What is your favorite part of working in the New York City fashion scene?
What I love about New York is that the look changes by neighborhood. You can go to the East Village and that’s where a lot of times you’ll see the trends first. I love seeing things in the street that then happen on the runway, the early adopters that will start wearing the short skirt that’s long in the back with the cool graphic tee or the anorak. Sometimes I don’t know what comes first, the street style or the runway and sometimes I think it’s the street. Sometimes I’d rather look at what people are wearing in the audience of fashion week than what they’re wearing on the runway. I think that it’s the fusion of both of those things that confirms for me what the trends are a lot of the times. Because if it’s on the runway and then it gets adopted in the street then that means it’s viable and the customer will buy it.
What are some of the best restaurants for us to check out when we’re in town?
Balthazar gets talked about a lot but it’s still my favorite place. I love it, it looks like a French brasserie and it’s still the place where I want to go on my birthday. I’ve never ordered anything that I’m not excited about there.
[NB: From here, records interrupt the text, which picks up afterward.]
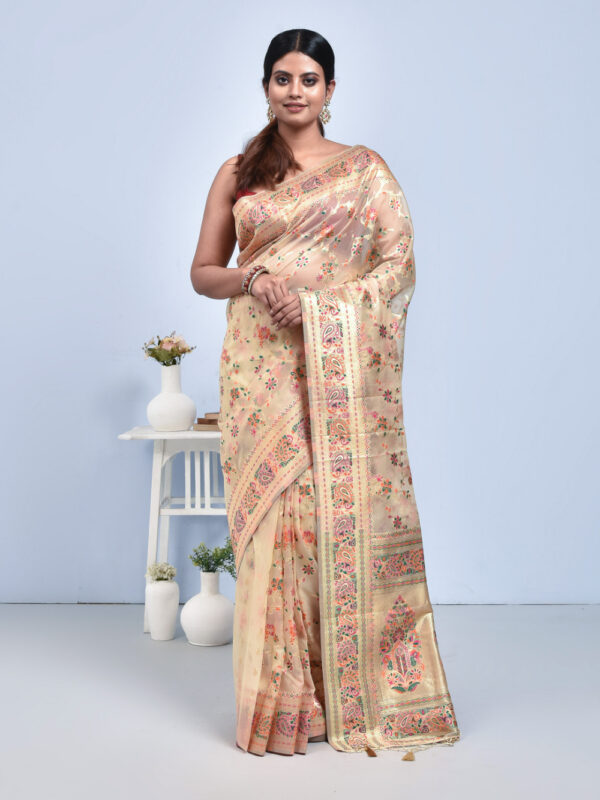 Beige Bengal Meenakari Resham Silk Saree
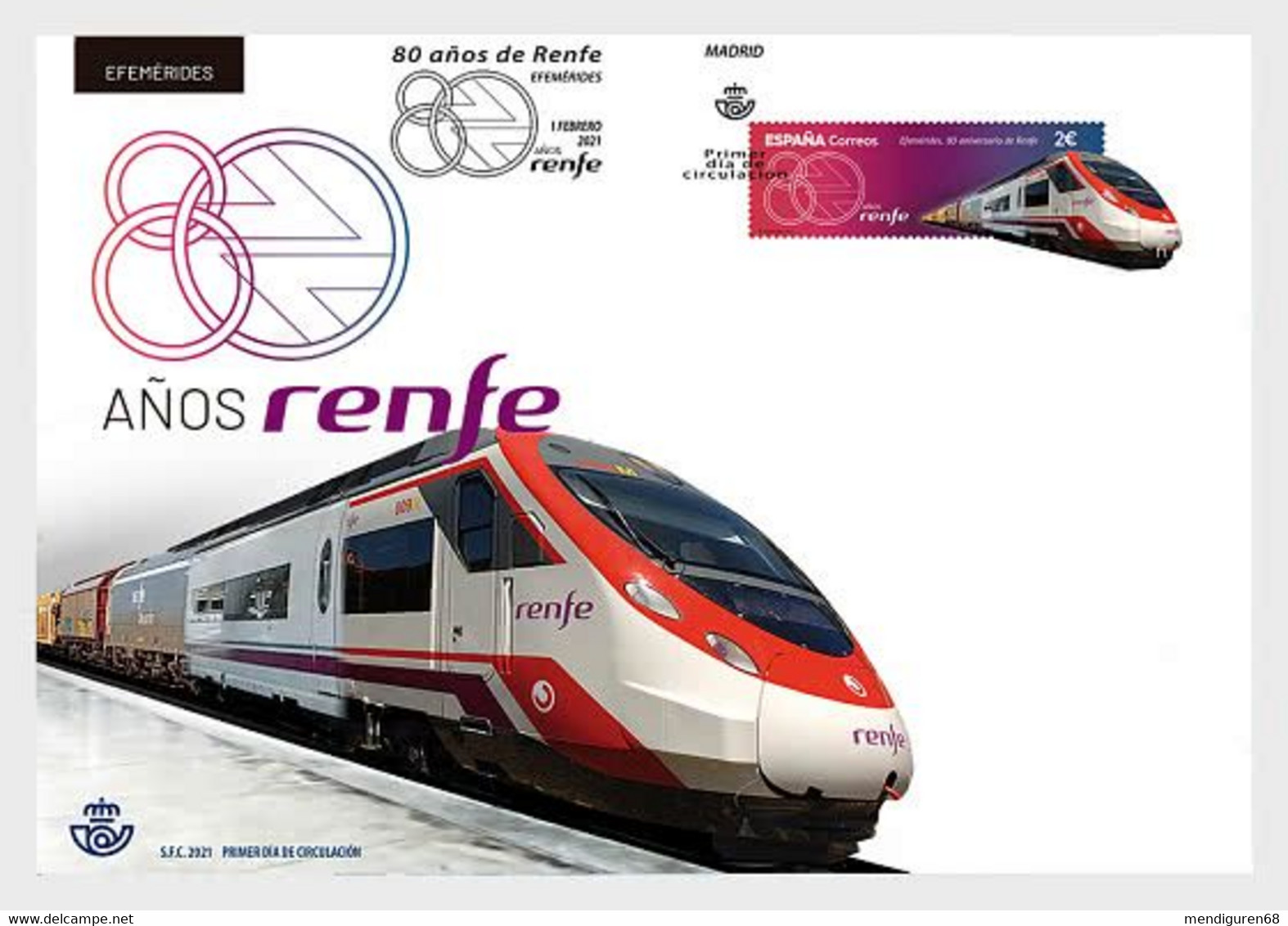 ESPAGNE SPANIEN SPAIN ESPAÑA 2021 80th ANNIVERSARY RAILWAYS RENFE FDC ED 5455 MI 5499 YT 5209 SC 4490 SG 5455 - Usati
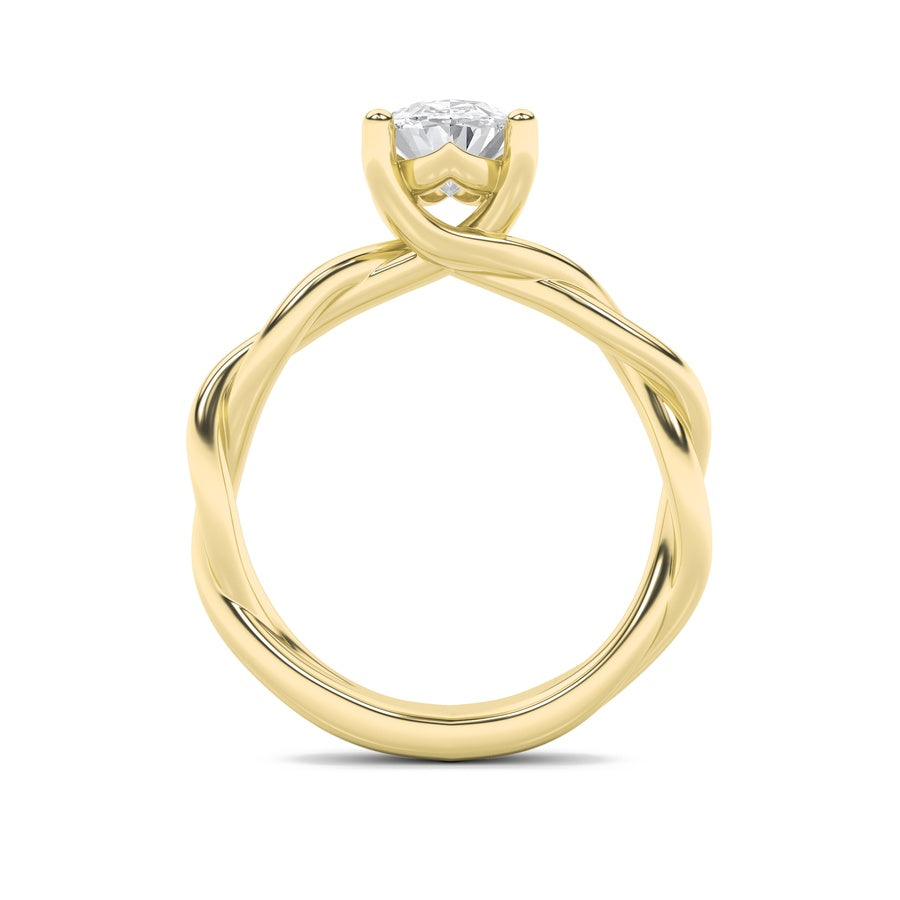 2Cttw Oval Shaped Lab Grown Diamond (F/VS) TwistedShank Solitaire Engagement Ring in 14K Gold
I live in the Upper East Side and near my house I love Sushi of Gari. Get the omakase and they’ll bring you whatever the chef catches that day. My favorite Italian restaurant happens to be in my neighborhood but I’m scared to tell anyone because I don’t want to not be able to get a reservation! It’s called Antonucci. It’s on East 81st Street and it’s my little haven of delicious homemade pasta. I love food so you’re asking somebody that has so many answers!
If you could have a drink with anyone, who would it be?
Besides Bradley Cooper? I think Shakespeare!